Darkworld Detective
- Cover of 1982 edition (paperback)
- Author: J. Michael Reaves
- Language: English
- Genre: Science fiction novel
- Publisher: Bantam
- Publication date: 1982
- Publication place: United States
- Media type: Print (Paperback)
- Pages: 257 pp
- Followed by: The Black Hole of Carcosa

= Darkworld Detective =

Darkworld Detective is a collection of science fantasy stories written by J. Michael Reaves, published as a paperback original by Bantam Books in 1982. The linked stories feature protagonist, Kamus of Kadizar, a detective on the planet Ja-Lur.

== Contents ==
- "The Big Spell" (reprinted from Weird Heroes #8)
- "The Maltese Vulcan" (reprinted from Weird Heroes #8)
- "Murder on the Galactic Express"
- "The Man with the Golden Raygun"

==Publication history==
J. Michael Reaves began to write science fiction/fantasy short stories in the 1970s. Two of them, "The Big Spell" and "The Maltese Vulcan", introduced Kamus of Kadizar and appeared in Weird Heroes. After Reaves' first novel, I, Alien, was published in 1978, four of his Kamus short stories, including the two previously published in Weird Heroes were published by Bantam Books under the title Darkworld Detective in 1984.

An authorized sequel, The Black Hole of Carcosa, was written by John Shirley and published by Pocket Books in 1988.

== Reception ==
Writing in F&SF, John Clute described the volume as "dim but decent," faulting Reaves's narrative style as "about as close to Raymond Chandler as Kai Lung is to Confucius" but concluding that the stories are nevertheless "mostly straightforward fun."

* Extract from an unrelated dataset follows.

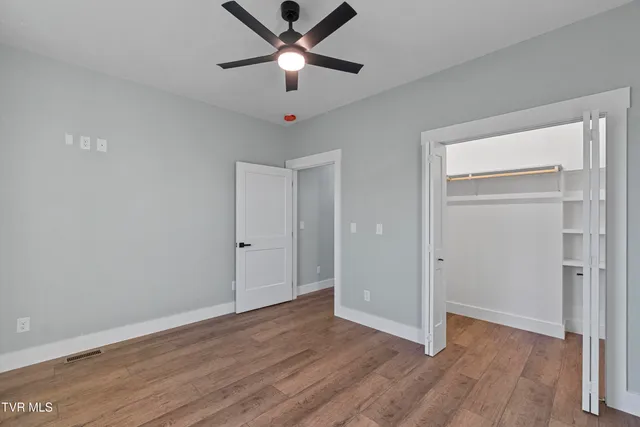 $474,900 | 210 Emperor Lane, Greeneville, TN 37743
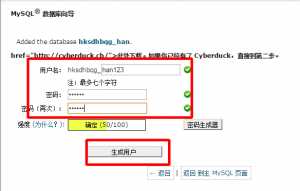 图片14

In Issue 34 of Abyss, Dave Nalle commented, "This is an unlikely book, a Science Fiction/Fantasy/Detective/Horror/Mystery novel. This ambitious combination comes off surprisingly well." Nalle called the collection "a series of amusing, fast-paced adventures which lead up towards a slightly predictable but pleasing conclusion." However, Nalle pointed out "What detracts from the book is that it was clearly written as a series of several long short stories, and the flow between these episodes is not always smooth." Nalle concluded, "Despite some technical flaws, this is an interesting combination of familiar elements which achieves a pleasantly original result ... It is a deft, innovative fantasy by a newish writer who shows a fair amount of promise."